Search code examples
pythonzipsoftware-distribution

How does the Python interpreter detect that it was called with a ZIP archive instead of a source file?


I just found out that (A) a ZIP file can be passed directly as the script parameter (where normally a .py file would be passed) of the Python binary and (B) the ZIP file can have any suffix, even .py to get recognized as a ZIP file (at least on Mac OS X from the command line and on Windows from the command line and from the GUI, it seems to work). The whole story of implementing this is documented in this issue.

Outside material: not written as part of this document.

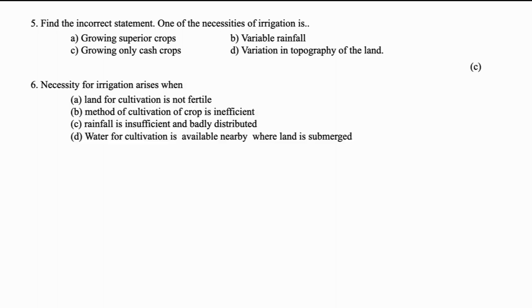Find the incorrect statement. One of the necessities of irrigation is growing superior crops, variable rainfall, growing only cash crops, variation in topography of the land. The answer is C. Necessity for irrigation arises when land for cultivation is not fertile, method of cultivation of crop is inefficient, rainfall is insufficient and badly distributed. Water for cultivation is available nearby where land is submerged. The answer is C.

This seems very appealing for the distribution of Python applications where an installer is undesirable and it has the same usage characteristics of a .jar archive (no installation required, can be sent by email without further archiving) to which our users are accustomed. Naming the ZIP archive .py (or .pyw) enables this behavior without any configuration on the client machine aside from installing Python.

My problem is that I can only find documentation of part (A) of my findings but not for part (B). So my first question is how is Python detecting that a file passed as the script parameter is a ZIP archive and not a Python source file? Are there any heuristics involved that may break randomly e.g. when the ZIP archive contains some special content (e.g. an uncompressed file that looks like Python code)?

The second question is whether there are any drawbacks to this approach when the application is carrying around a lot of non-code data files (tens of MBs), aside from the fact that access to these files is not transparent. I'm thinking about the ZIP file detection taking longer if the ZIP file is large and/or contains a lot of files.

Update

All answers up to now (Joachim Sauer's, Keith Randall's and Curious's) are sadly all wrong. The Zip specification does not mandate that a ZIP file must start with a specific header. A Zip file can have any data prepended to it and still be a valid Zip file (this is how self-extracting Zip files work where the file starts with a windows EXE header and not anything Zip-specific). This is explained in the page linked in Curious's answer.

I'm guessing that the Python interpreter looks for the Zip central directory and if there is one, the file is used as a Zip file instead of a Python source file. Does anyone want to include this in his/her answer so I can accept it?


Solution

  • I wondered the same and found:

    You are correct that prepended data is allowed, and this is explicitly mentioned in the docs:

    Python has been able to execute zip files which contain a __main__.py file since version 2.6. In order to be executed by Python, an application archive simply has to be a standard zip file containing a __main__.py file [...]

    The zip file format allows arbitrary data to be prepended to a zip file.

    You are also correct in guessing that Python looks for a ZIP central directory. This happens in zipimport.py, which looks for STRING_END_ARCHIVE = b'PK\x05\x06' near the end of the file.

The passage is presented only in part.